Saturday 20 July 2019

Nobody lies to Google

Search engines, as it turns out, are truth tellers. Humans, with no ill intent, lie about 30% of the time. These aren’t typically big, bold lies. They include half-truths, like when you tell everyone on Facebook your kids are the most beautiful children on Earth. Well, to you they are. To the rest of us, they’re a pain in the butt (just kidding?)  
On social networking sites in particular, we’re prone to show only the unblemished, airbrushed side of ourselves. By contrast, we tend to reveal almost everything through our searches, and Google aggregates every mega-byte of this truth for researchers to utilize. 
Since 2009, a program called Google Trends reveals how frequently any word or phrase has been searched by time and location. Seth Stephens-Davidowotitz ended up writing his thesis based on this data, then a book called Everybody Lies: Big Data, New Data, and What the Internet Can Tell Us About Who We Really Are“The everyday act of typing a word or phrase into a compact rectangular white box leaves a small trace of truth that, when multiplied by millions, eventually reveals profound realities,” he writes. 

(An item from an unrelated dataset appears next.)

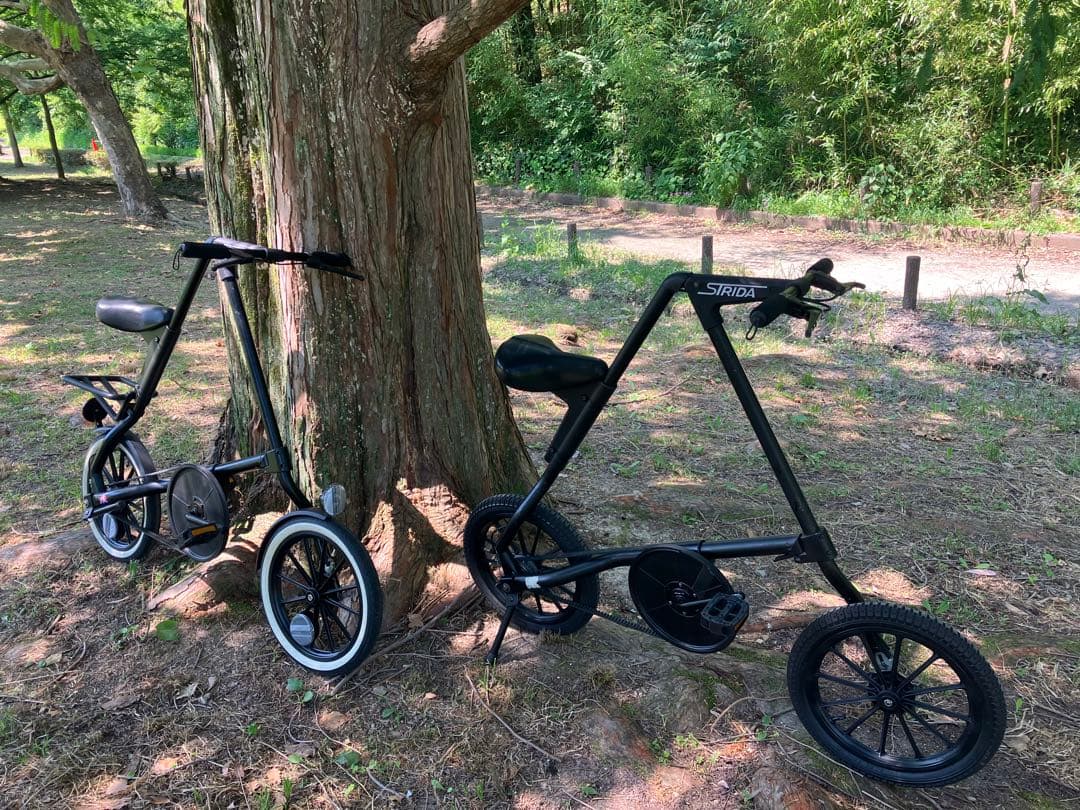 STRIDA MK1 (BMXタイヤ) ジャンク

For example, did you think America had overcome its racist past when Obama was elected president? It turns out that Google searches for the N-word took off after his election. In America’s mid-west, both southern and northern states, Google searches showed an unsettling growth in racist queries and jokes.
Did you also think, as polls had indicated, that Hillary Clinton would be the current president of the United States in 2016? That same plotted map of racist attitudes showed exactly where Trump was the most successful. 
Google searches reveal a lot about us as humans. Women are most concerned about how they smell and men are most concerned about the size of a certain appendage. Women are also more concerned about whether their husband is gay than if he’s cheating on them. Is my husband gay? searches are the most common in conservative states like Alabama. Being a gay man in Alabama carries risks, after all. 
 Anxiety-related searches are highest in places with low education, lower incomes and more rural areas. Interestingly, anxiety-related searches rarely increase after terrorist attacks in major European and American cities where these attacks are most prone to occur.  
Google searches also reveal health issues in different regions, affecting various ages and populations. Measles and flu outbreaks can be monitored simply by watching trends in Google searches. 
It’s data like this that can inform social policy. What if, for example, we target funding for mental health in those rural areas where depression and anxiety are most often queried? What if resources are immediately sent to areas where flu symptoms and measles are first Googled? 
Governments can now track the national mood and social issues facing different regions of a nation. This can lead to a more efficient use of resources, just like private companies target specific consumers. 
Trends in Google searches are more effective than any survey (where we still often lie) or focus group (which takes time and money). 
It's time to use all this data for the public good rather than just for profit.